Dataset excerpts:
*** Block opens ***

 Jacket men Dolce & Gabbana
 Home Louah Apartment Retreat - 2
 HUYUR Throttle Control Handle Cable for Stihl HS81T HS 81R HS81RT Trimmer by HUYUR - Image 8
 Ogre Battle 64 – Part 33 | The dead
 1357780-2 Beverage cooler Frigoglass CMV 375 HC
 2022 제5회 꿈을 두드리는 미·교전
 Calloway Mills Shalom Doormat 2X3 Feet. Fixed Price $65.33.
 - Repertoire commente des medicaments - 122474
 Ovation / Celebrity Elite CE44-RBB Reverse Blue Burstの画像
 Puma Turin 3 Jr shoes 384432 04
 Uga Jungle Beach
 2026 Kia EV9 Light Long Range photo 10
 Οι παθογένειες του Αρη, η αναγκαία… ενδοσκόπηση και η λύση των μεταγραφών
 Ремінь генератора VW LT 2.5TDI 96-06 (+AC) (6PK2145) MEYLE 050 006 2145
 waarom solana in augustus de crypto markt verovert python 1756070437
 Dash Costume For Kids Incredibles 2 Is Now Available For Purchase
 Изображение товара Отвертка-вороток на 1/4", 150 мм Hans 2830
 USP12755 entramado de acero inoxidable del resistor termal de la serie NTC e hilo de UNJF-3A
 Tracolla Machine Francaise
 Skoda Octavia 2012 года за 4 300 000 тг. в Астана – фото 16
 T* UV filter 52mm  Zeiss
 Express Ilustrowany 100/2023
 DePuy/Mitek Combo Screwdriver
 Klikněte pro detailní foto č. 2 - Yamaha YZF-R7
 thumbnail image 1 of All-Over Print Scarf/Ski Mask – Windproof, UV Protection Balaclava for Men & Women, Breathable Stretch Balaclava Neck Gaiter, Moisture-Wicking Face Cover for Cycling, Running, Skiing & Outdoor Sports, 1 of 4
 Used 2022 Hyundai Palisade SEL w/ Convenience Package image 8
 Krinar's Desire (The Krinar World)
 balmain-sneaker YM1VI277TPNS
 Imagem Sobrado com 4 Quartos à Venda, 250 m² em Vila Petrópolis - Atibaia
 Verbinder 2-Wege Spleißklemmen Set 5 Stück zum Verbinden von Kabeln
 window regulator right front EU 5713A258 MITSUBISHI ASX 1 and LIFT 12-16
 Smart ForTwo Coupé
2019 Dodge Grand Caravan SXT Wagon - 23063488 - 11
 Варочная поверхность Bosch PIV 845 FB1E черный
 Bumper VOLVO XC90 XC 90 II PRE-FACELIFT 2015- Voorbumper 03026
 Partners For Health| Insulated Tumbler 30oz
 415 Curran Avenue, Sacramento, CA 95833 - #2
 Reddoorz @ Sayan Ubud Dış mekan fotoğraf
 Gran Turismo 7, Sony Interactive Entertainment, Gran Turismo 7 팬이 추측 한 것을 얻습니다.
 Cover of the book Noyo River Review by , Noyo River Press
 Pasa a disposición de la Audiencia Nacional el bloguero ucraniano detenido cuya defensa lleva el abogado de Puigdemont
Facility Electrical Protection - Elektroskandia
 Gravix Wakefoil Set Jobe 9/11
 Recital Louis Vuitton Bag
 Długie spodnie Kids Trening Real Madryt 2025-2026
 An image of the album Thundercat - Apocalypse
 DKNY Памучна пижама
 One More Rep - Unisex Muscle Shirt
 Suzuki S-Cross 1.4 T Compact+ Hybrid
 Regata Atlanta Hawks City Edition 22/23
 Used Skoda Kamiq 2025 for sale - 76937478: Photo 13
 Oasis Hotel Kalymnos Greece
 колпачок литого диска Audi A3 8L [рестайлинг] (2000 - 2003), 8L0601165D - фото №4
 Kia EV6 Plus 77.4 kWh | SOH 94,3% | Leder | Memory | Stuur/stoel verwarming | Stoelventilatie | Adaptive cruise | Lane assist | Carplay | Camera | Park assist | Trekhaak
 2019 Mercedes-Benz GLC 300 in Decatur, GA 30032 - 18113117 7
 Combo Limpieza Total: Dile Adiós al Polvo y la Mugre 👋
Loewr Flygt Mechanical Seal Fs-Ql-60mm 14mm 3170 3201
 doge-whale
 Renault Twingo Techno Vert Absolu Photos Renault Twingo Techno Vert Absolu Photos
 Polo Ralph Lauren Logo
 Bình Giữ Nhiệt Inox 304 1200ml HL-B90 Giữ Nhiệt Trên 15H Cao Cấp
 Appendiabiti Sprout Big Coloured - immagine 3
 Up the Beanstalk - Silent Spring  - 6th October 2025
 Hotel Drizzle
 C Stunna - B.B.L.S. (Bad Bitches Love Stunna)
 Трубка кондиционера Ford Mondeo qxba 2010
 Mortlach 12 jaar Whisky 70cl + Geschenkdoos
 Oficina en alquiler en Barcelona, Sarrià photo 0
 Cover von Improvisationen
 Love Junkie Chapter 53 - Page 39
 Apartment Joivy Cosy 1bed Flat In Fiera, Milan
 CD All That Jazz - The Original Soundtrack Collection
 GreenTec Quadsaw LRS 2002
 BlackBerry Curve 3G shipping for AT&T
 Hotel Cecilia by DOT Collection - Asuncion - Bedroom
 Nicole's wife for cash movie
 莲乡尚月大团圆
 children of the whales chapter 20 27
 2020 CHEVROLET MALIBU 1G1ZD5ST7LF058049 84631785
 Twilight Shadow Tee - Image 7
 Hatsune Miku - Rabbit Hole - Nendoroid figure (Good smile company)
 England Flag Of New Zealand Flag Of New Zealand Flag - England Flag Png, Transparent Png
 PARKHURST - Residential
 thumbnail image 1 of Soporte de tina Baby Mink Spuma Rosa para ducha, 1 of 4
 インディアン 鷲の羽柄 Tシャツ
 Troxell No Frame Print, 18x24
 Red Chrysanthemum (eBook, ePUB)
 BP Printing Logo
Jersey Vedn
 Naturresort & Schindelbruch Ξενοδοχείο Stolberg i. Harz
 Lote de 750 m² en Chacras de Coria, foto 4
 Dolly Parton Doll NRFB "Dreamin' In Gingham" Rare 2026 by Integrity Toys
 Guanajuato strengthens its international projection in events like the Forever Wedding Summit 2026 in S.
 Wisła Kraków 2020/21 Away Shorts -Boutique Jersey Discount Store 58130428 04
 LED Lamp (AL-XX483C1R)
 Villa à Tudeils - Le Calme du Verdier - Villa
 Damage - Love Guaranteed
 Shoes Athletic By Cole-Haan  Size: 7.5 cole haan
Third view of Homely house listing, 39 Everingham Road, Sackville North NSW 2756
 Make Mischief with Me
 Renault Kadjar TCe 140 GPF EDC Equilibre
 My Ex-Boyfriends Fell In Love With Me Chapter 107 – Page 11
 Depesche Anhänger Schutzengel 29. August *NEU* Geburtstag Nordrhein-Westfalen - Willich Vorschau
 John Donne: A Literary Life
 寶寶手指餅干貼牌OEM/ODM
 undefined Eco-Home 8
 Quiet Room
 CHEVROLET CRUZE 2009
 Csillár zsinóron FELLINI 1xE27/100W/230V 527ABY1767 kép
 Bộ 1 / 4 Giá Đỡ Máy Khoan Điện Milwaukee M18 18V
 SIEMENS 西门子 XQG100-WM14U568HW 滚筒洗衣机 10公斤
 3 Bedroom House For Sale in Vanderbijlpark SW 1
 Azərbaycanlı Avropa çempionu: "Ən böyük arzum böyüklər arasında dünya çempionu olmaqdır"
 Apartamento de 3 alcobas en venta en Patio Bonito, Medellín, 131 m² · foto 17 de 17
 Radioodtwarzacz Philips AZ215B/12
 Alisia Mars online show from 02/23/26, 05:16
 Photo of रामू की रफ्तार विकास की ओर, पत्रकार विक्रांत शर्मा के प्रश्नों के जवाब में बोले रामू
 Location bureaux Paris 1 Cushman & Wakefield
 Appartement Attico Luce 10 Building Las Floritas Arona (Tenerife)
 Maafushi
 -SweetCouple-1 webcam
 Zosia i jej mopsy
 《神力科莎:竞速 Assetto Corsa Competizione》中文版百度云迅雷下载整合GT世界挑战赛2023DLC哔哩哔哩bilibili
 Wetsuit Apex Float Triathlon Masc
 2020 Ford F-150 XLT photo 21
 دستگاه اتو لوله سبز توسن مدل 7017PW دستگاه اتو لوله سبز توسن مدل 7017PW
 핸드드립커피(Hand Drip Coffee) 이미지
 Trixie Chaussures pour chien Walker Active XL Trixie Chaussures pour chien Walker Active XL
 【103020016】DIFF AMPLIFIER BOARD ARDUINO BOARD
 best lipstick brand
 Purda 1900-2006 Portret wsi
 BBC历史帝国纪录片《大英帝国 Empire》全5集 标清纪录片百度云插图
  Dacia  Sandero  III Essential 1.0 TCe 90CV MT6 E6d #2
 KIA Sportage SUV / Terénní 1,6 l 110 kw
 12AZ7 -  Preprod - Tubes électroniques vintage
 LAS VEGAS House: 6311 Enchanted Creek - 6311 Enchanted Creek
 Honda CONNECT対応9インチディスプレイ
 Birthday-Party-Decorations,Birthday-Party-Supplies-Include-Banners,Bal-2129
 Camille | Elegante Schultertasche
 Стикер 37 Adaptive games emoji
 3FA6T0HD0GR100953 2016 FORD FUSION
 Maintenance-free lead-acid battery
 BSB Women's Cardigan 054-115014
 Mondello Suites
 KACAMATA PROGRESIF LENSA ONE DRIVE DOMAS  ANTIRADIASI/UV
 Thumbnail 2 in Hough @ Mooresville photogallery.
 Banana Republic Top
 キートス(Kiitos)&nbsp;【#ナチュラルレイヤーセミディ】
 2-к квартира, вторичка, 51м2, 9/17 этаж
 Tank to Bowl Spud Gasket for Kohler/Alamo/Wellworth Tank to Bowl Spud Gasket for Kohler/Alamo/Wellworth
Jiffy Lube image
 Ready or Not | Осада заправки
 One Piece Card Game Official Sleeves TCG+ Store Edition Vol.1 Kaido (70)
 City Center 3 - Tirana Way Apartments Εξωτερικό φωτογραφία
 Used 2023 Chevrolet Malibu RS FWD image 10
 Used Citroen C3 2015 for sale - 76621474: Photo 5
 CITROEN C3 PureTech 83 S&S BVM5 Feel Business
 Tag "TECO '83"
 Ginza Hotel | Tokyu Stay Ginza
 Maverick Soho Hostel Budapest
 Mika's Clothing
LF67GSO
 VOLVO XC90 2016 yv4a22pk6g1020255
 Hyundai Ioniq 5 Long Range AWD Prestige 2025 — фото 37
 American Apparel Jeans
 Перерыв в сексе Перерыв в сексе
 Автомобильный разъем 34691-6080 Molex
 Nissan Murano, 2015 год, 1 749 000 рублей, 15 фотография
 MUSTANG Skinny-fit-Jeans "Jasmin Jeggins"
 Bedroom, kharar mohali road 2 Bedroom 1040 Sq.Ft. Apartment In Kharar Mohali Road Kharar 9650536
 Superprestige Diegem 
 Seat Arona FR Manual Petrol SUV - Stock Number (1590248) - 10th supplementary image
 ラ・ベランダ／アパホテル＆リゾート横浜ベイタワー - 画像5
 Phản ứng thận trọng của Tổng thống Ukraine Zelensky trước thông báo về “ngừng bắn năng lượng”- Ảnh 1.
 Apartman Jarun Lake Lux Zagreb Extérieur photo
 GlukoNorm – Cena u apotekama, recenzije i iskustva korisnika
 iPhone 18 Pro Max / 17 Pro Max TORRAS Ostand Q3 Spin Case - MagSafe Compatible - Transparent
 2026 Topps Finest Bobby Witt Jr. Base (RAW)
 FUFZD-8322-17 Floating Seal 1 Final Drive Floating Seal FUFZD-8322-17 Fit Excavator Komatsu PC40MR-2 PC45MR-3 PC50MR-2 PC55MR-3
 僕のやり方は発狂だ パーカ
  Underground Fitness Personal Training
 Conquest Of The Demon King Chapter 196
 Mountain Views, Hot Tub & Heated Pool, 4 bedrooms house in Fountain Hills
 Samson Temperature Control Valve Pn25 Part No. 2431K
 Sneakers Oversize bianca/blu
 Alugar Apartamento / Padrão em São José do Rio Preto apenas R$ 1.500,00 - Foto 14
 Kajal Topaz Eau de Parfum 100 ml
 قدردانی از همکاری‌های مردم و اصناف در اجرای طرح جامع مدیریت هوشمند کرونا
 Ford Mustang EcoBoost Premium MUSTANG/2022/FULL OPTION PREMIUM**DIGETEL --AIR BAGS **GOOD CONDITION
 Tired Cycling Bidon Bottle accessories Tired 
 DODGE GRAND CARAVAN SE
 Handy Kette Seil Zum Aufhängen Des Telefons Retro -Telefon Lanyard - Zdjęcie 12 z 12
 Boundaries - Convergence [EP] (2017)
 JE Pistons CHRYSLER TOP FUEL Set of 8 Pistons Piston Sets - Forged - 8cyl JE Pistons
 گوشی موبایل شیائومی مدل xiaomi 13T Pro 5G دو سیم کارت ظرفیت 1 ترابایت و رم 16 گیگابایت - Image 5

*** Block closes ***

• [Your task]: Among the records, find every line with the word "Control" and copy it.

• [Solution to the exercise]:
 HUYUR Throttle Control Handle Cable for Stihl HS81T HS 81R HS81RT Trimmer by HUYUR - Image 8
 Samson Temperature Control Valve Pn25 Part No. 2431K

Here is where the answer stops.